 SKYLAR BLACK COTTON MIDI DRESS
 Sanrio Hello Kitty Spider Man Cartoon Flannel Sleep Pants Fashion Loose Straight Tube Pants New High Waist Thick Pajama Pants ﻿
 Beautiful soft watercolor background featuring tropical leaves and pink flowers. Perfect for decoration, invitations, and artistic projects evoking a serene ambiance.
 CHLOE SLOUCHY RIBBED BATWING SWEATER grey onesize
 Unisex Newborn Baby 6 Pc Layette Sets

****************

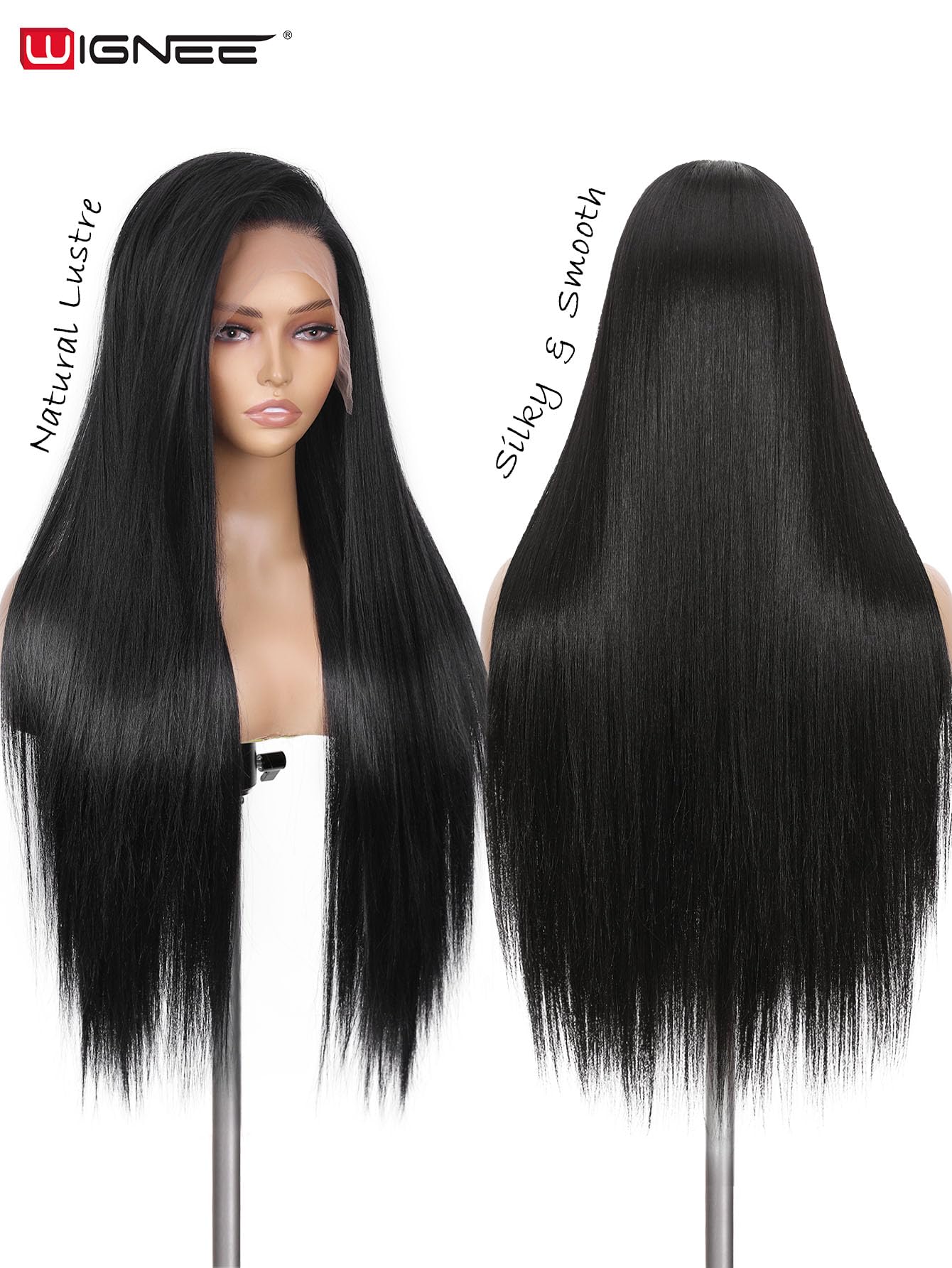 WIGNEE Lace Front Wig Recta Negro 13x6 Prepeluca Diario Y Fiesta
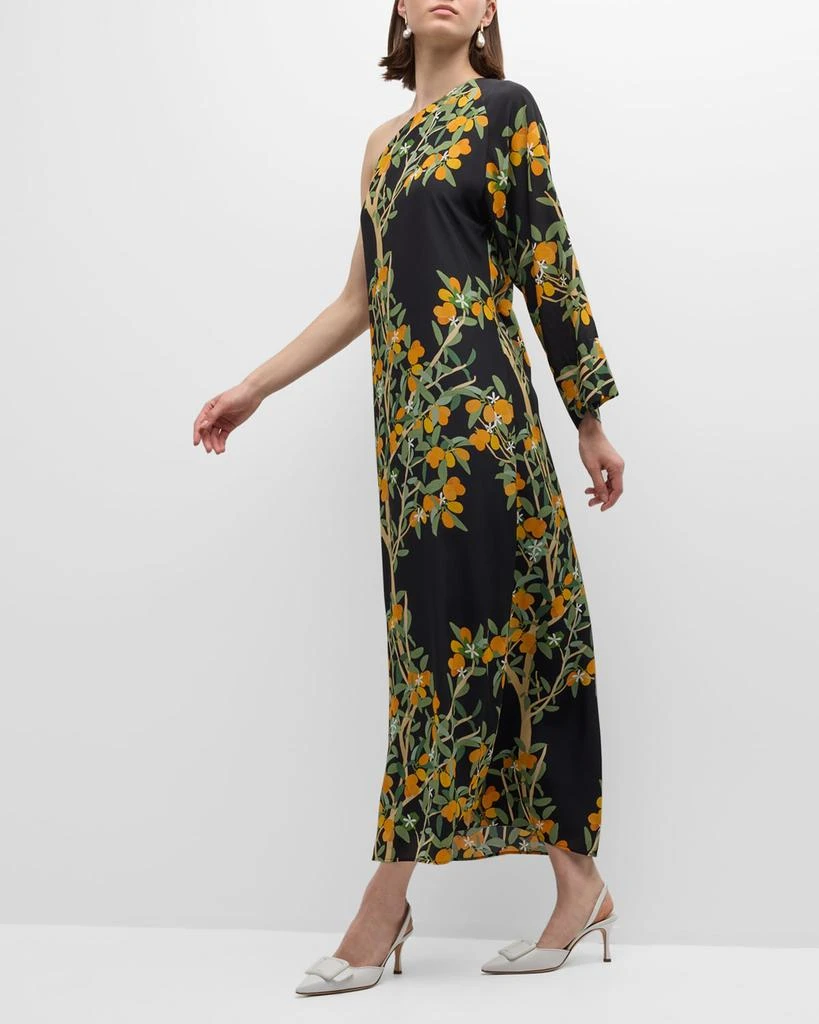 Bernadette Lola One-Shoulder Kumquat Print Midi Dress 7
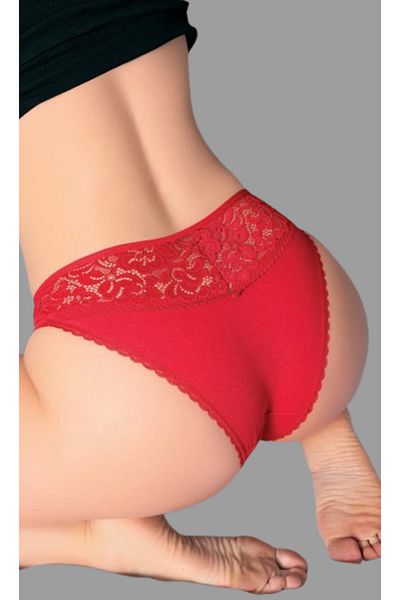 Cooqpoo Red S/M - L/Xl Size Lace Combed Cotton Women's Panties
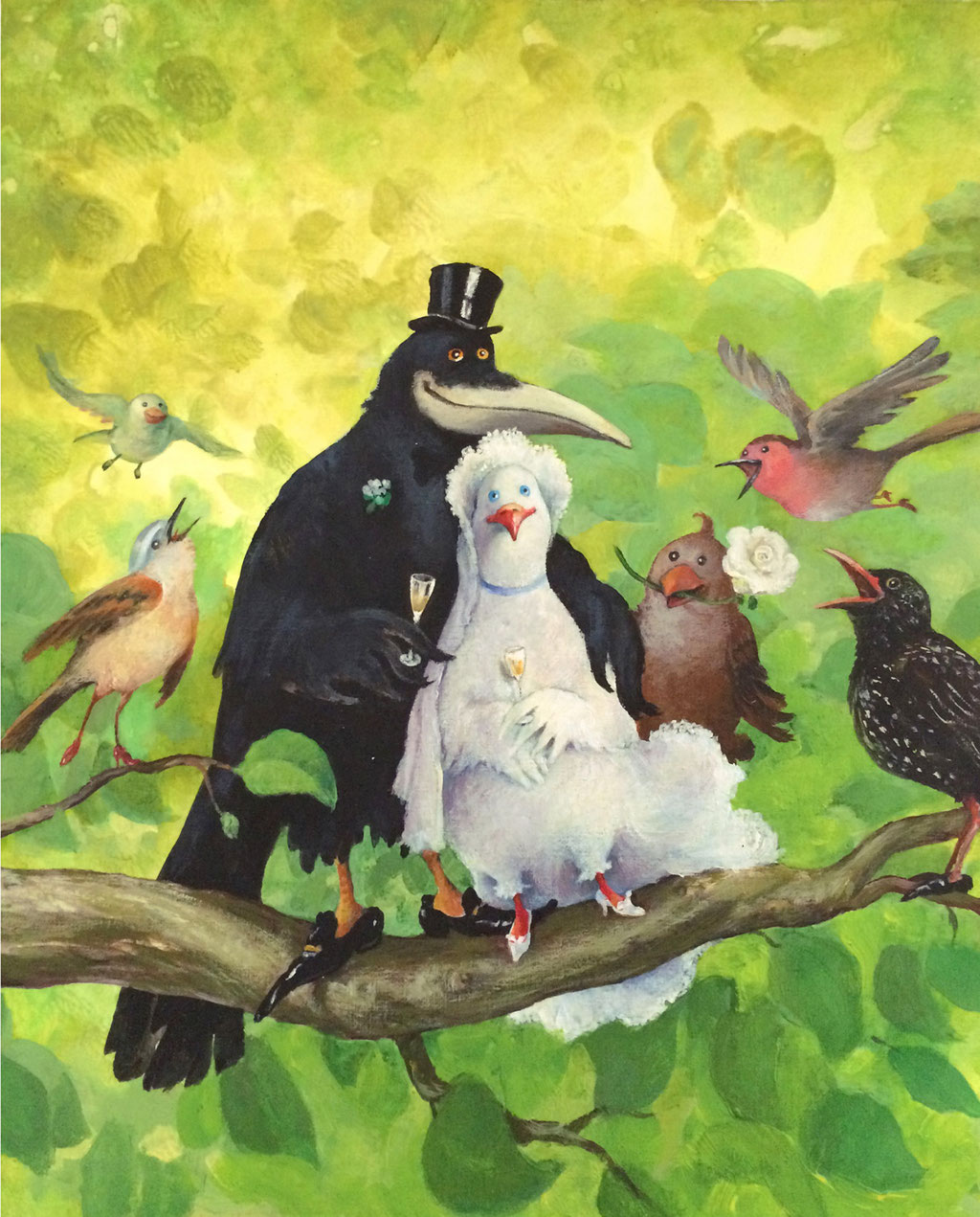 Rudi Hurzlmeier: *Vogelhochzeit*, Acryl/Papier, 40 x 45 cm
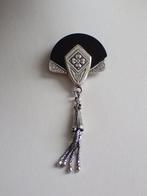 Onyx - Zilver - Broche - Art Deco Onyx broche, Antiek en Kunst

****************

The range runs from the line with "CHLOE SLOUCHY RIBBED" up to and including the line with "Unisex Newborn Baby 6 Pc Layette Sets" in the listing above; please write out exactly those lines and nothing more.

 CHLOE SLOUCHY RIBBED BATWING SWEATER grey onesize
 Unisex Newborn Baby 6 Pc Layette Sets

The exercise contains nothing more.